We are all different in what we will actually deal with and what we can forgive. Many on here say they stay because of the children..and as others have said... if it were a one night stand.

I suppose that our reaction to her response could also be the question.


----------



## 346745 (Oct 7, 2020)

Anastasia6 said:


> Was with you right up til there.
> 
> Two people breaking trust isn't going to make things better.
> 
> ...


all speculation as neither has strayed. On second thought, evening the score would probably not be the best of ideas. Rather, working together is.


----------



## 346745 (Oct 7, 2020)

ABHale said:


> At least your wife know that she has a free hall pass to use and you won’t leave her. She must be overwhelmed with your understanding of the situation.
> 
> Of course we are all human and make mistakes. Having a one night stand is a choice not a mistake. It’s the choice to say FU to your SO and **** someone else.
> 
> Your wife has it right. She would be wise to call it quits and find someone that hadn’t made the choice to step out of the marriage.


Actually, we don't know what my wife's response is other than she's not sure she could forgive. In none of our discussion did we "call it quits." All speculative conversation between two of us.


----------



## 346745 (Oct 7, 2020)

ABHale said:


> This isn’t the question. It was basically that he would forgive his wife but she wouldn’t forgive him. Pretty simple, Longtime Hubby loves his wife unconditionally and his wife doesn’t love him the same.
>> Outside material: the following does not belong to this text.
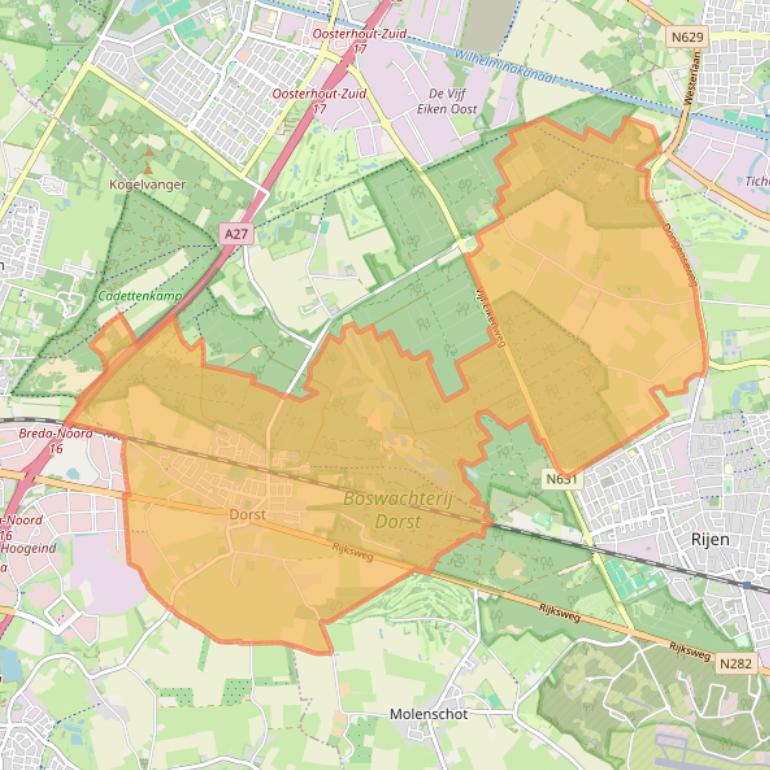 Kaart van postcodegebied 4849.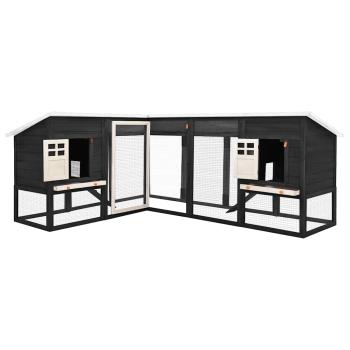 Kaninchenstall mit Freilauf Grau und Weiß Tanne Massivholz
She does profess her love. I don't doubt that. But perhaps it is a little different?


----------



## 346745 (Oct 7, 2020)

oldshirt said:


> I'm not trying to go all Bhudda or Dali Lama here but "evening the score" is not an act of acceptance or a step towards reconciliation or forgiveness etc etc
> 
> it is an act of vengeance and aggression and abuse. It's intent is to hurt and inflict pain and suffering upon the other.
> 
> ...


smarter to work on things than even. thanks, Dali (LOL)


----------



## ABHale (Jan 3, 2016)

Longtime Hubby said:


> Actually, we don't know what my wife's response is other than she's not sure she could forgive. In none of our discussion did we "call it quits." All speculative conversation between two of us.


Just referring to you saying we are all human and make mistakes. 

Stepping out side the marriage to have sex with someone else is a choice not a mistake.


----------



## ABHale (Jan 3, 2016)

Longtime Hubby said:


> Actually, we don't know what my wife's response is other than she's not sure she could forgive. In none of our discussion did we "call it quits." All speculative conversation between two of us.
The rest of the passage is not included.